[Start of section]

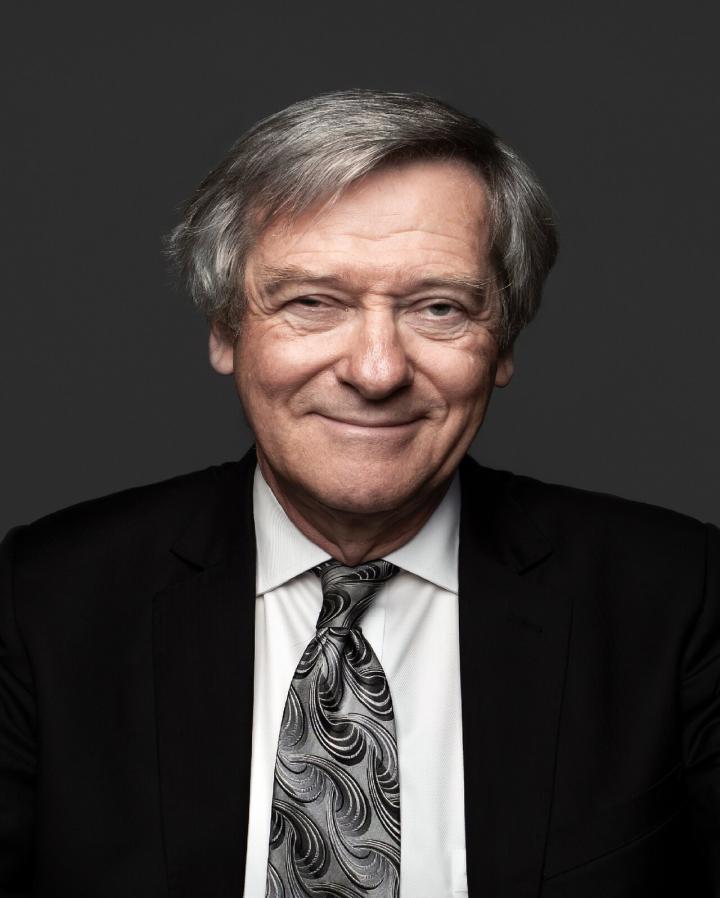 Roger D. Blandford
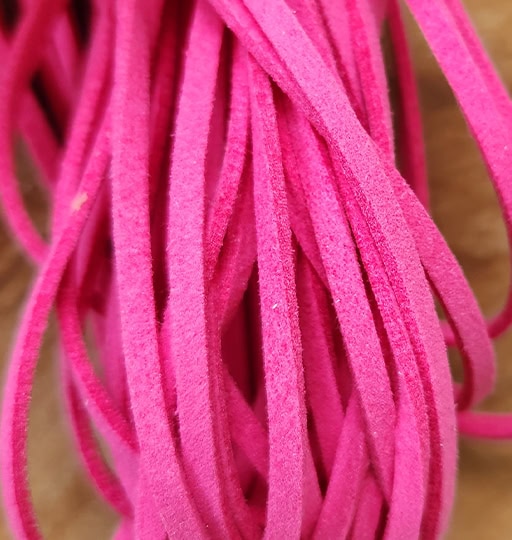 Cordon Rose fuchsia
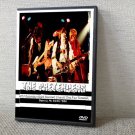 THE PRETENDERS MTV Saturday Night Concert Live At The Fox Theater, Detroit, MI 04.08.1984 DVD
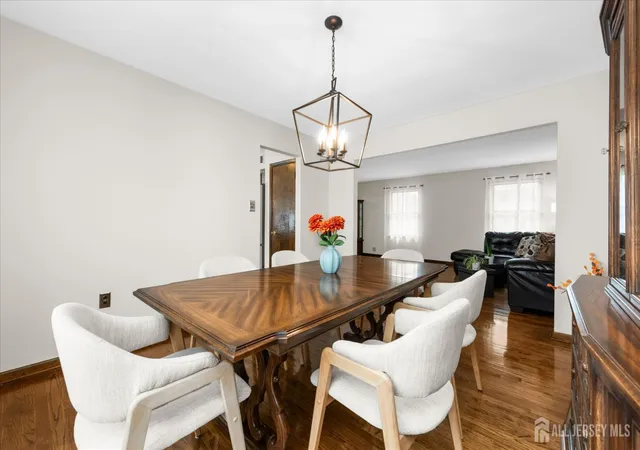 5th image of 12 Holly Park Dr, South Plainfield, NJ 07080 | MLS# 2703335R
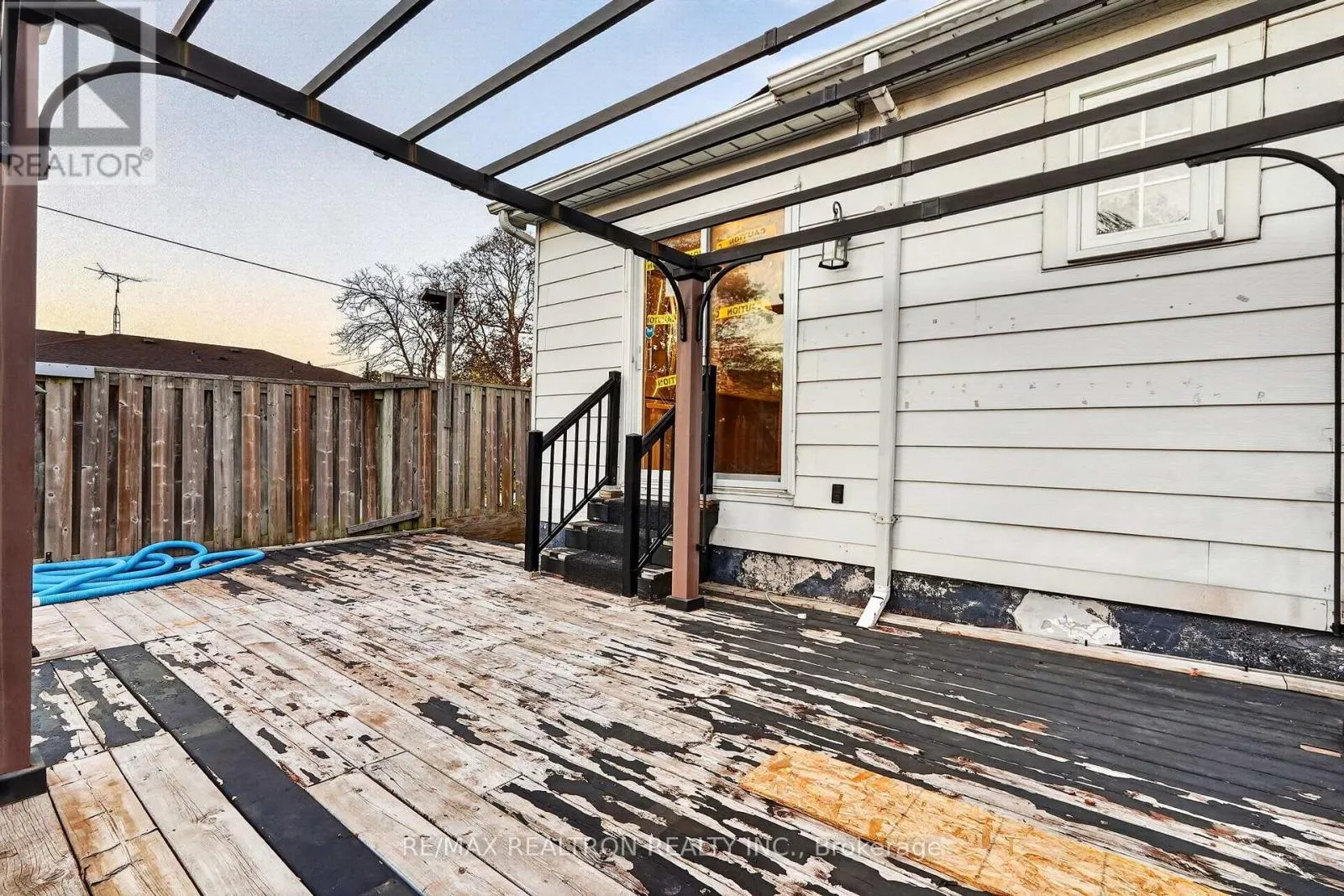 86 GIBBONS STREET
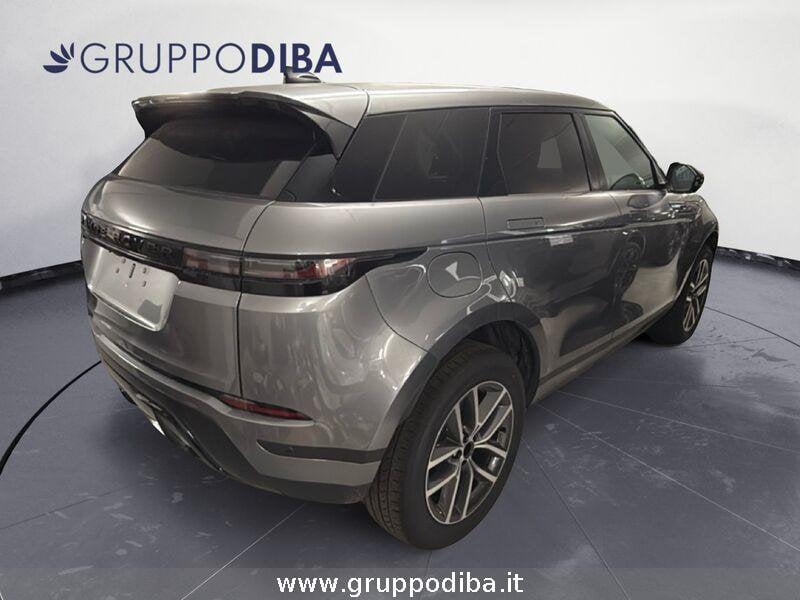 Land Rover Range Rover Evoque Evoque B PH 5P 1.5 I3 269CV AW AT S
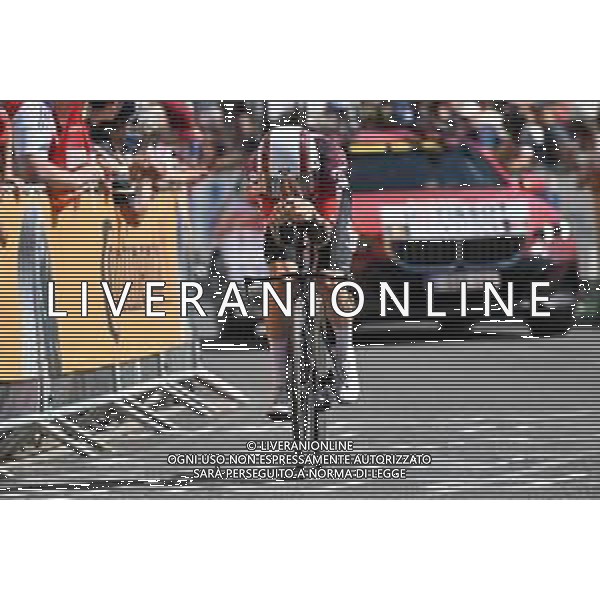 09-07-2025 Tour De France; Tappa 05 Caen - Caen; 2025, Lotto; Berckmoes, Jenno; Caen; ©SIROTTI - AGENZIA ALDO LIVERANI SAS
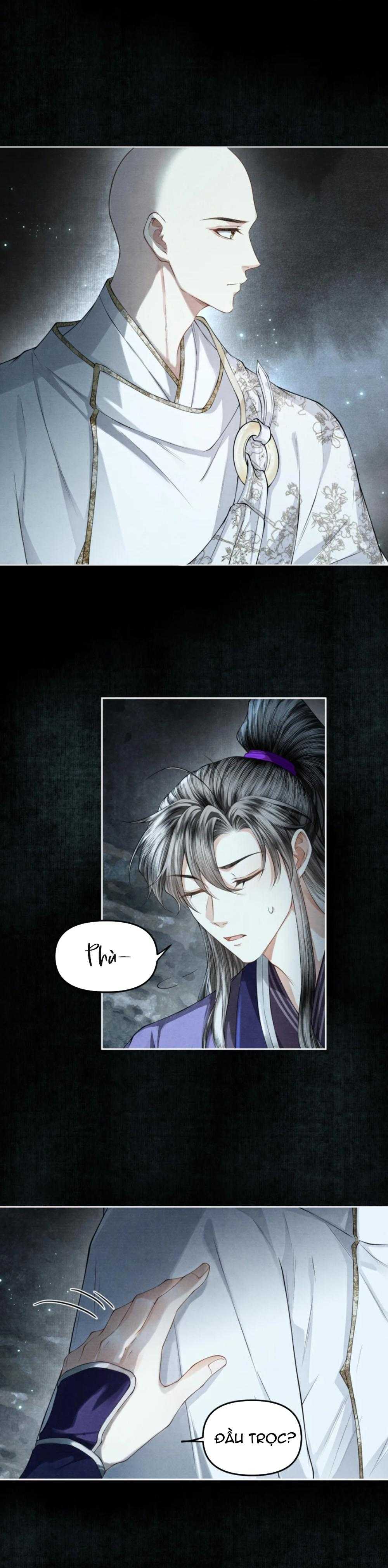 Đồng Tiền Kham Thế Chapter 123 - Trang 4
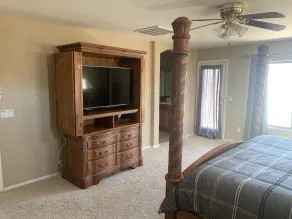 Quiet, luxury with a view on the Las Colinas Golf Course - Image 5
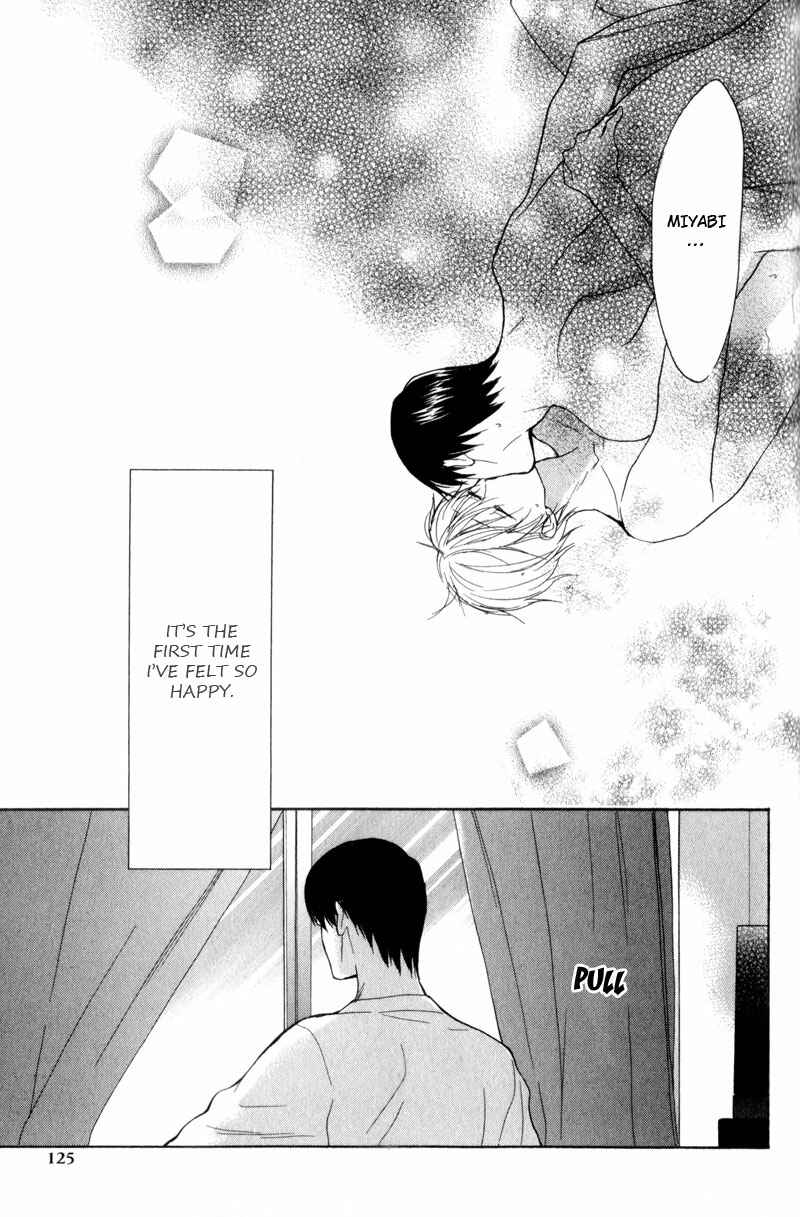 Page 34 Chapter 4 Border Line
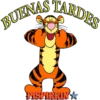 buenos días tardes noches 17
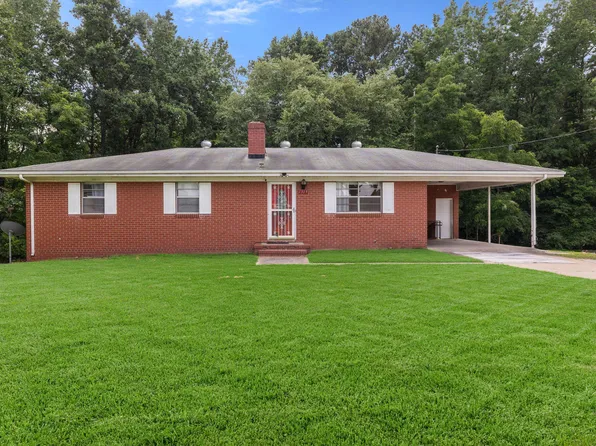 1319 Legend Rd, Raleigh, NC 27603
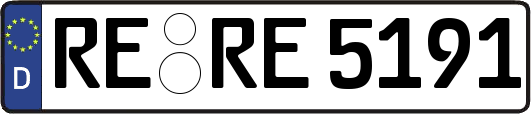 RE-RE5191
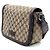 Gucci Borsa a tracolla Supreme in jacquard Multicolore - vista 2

[End of section]

* _AIM OF THE EXERCISE_: Reproduce, word for word, every line from the one that contains "Cordon Rose fuchsia" to the end of the data, including both ends; omit all pictures.

* _RESPONSE AREA_:
 Cordon Rose fuchsia
 THE PRETENDERS MTV Saturday Night Concert Live At The Fox Theater, Detroit, MI 04.08.1984 DVD
 5th image of 12 Holly Park Dr, South Plainfield, NJ 07080 | MLS# 2703335R
 86 GIBBONS STREET
 Land Rover Range Rover Evoque Evoque B PH 5P 1.5 I3 269CV AW AT S
 09-07-2025 Tour De France; Tappa 05 Caen - Caen; 2025, Lotto; Berckmoes, Jenno; Caen; ©SIROTTI - AGENZIA ALDO LIVERANI SAS
 Đồng Tiền Kham Thế Chapter 123 - Trang 4
 Quiet, luxury with a view on the Las Colinas Golf Course - Image 5
 Page 34 Chapter 4 Border Line
 buenos días tardes noches 17
 1319 Legend Rd, Raleigh, NC 27603
 RE-RE5191
 Gucci Borsa a tracolla Supreme in jacquard Multicolore - vista 2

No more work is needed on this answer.